We'll work on using the "leave it" command. Thanks for the advice!


----------



## ama0722 (Nov 28, 2006)

I think you have received some good advice but just want to say welcome. I have a Dasher! The only dogs I have met with that name have been Border Collies.


----------



## havadash (Feb 21, 2010)

Tom King said:


> At this age, he's still too young to have any reasoning about pottying. It's all habit until later. It's way too many steps to expect for him to let you know that he needs to go with enough time before the event happens at this young age. It can happen not too far in the future, but not without getting going in the right spot established first.
> 
> First you have to establish good habits. He either needs some place that he has been trained to go and can get to quickly and easily without having to solve a puzzle, or you have to take him out when he needs to go.


Great points. Thank you!


----------



## havadash (Feb 21, 2010)

ama0722 said:


> I think you have received some good advice but just want to say welcome. I have a Dasher! The only dogs I have met with that name have been Border Collies.

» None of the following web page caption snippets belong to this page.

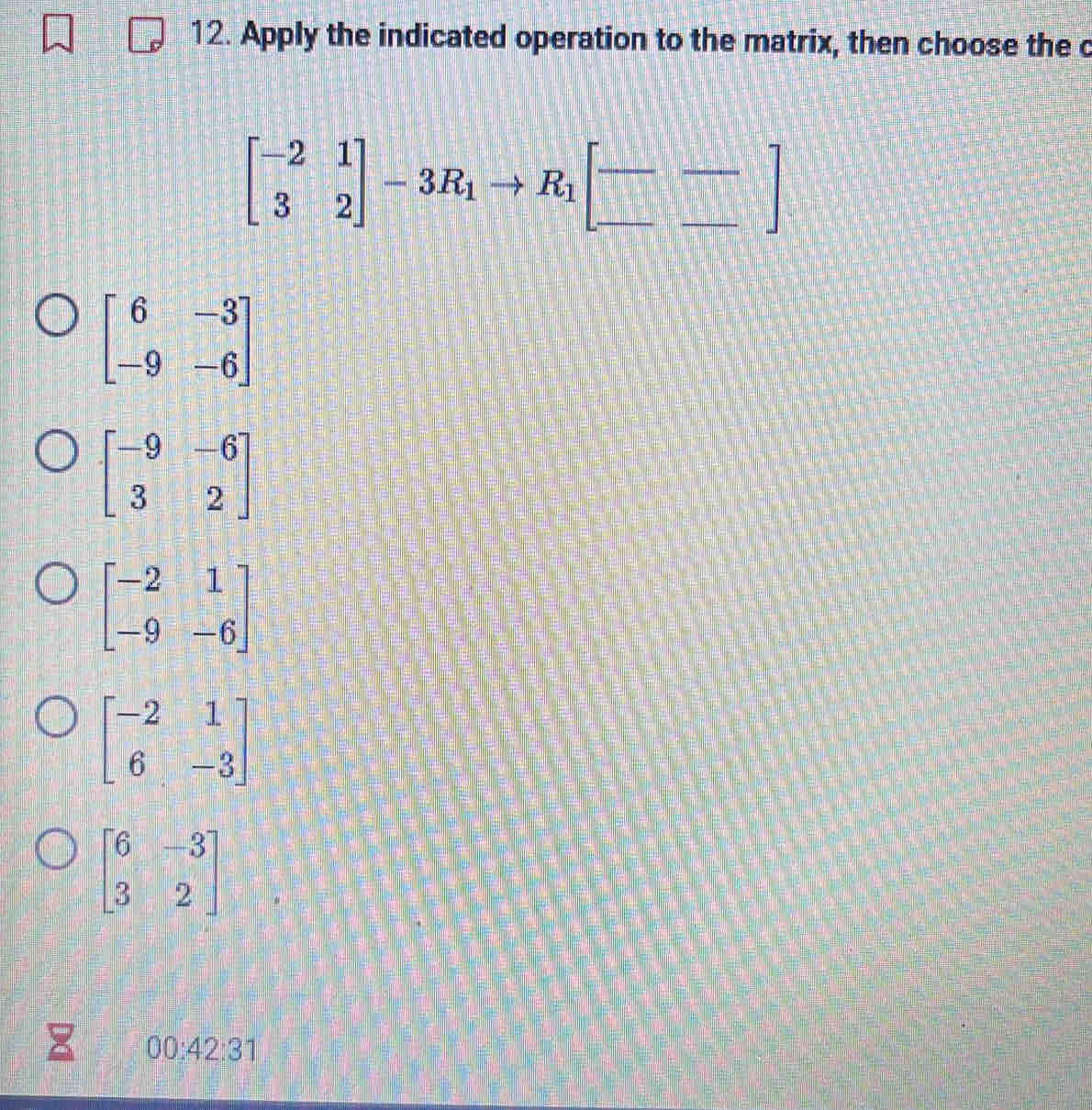 Apply the indicated operation to the matrix, then choose the c
beginbmatrix -2&1 3&2endbmatrix -3R_1to R_1[-frac ]
beginbmatrix 6&-3 -9&-6endbmatrix
beginbmatrix -9&-6 3&2endbmatrix
beginbmatrix -2&1 -9&-6endbmatrix
beginbmatrix -2&1 6&-3endbmatrix
beginbmatrix 6&-3 3&2endbmatrix
00:42:3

Thank you! My son named him after the character in _The Incredibles_.  Pretty fitting too, I must say.


----------



## Tom King (Aug 2, 2006)

There is no confusion involved with having a designated method to use inside, and also going outside. The inside method can be done away with when the dog is an adult and has the understanding that he is not supposed to go in the house, but this will come much later. It's a great help that he already knows what a pad is for, but he needs to have them in sight at this age. The puzzle can get more complicated later, but for now it's important that he goes on the right surface and does not learn to just let it go when he has too.

I have potty trained something over 200 dogs, so this is not just conjecture on my part.

These dogs are too smart for any negative training, but respond very quickly to properly timed positive reinforcement.


----------



## havadash (Feb 21, 2010)

Thanks very much, Tom!


----------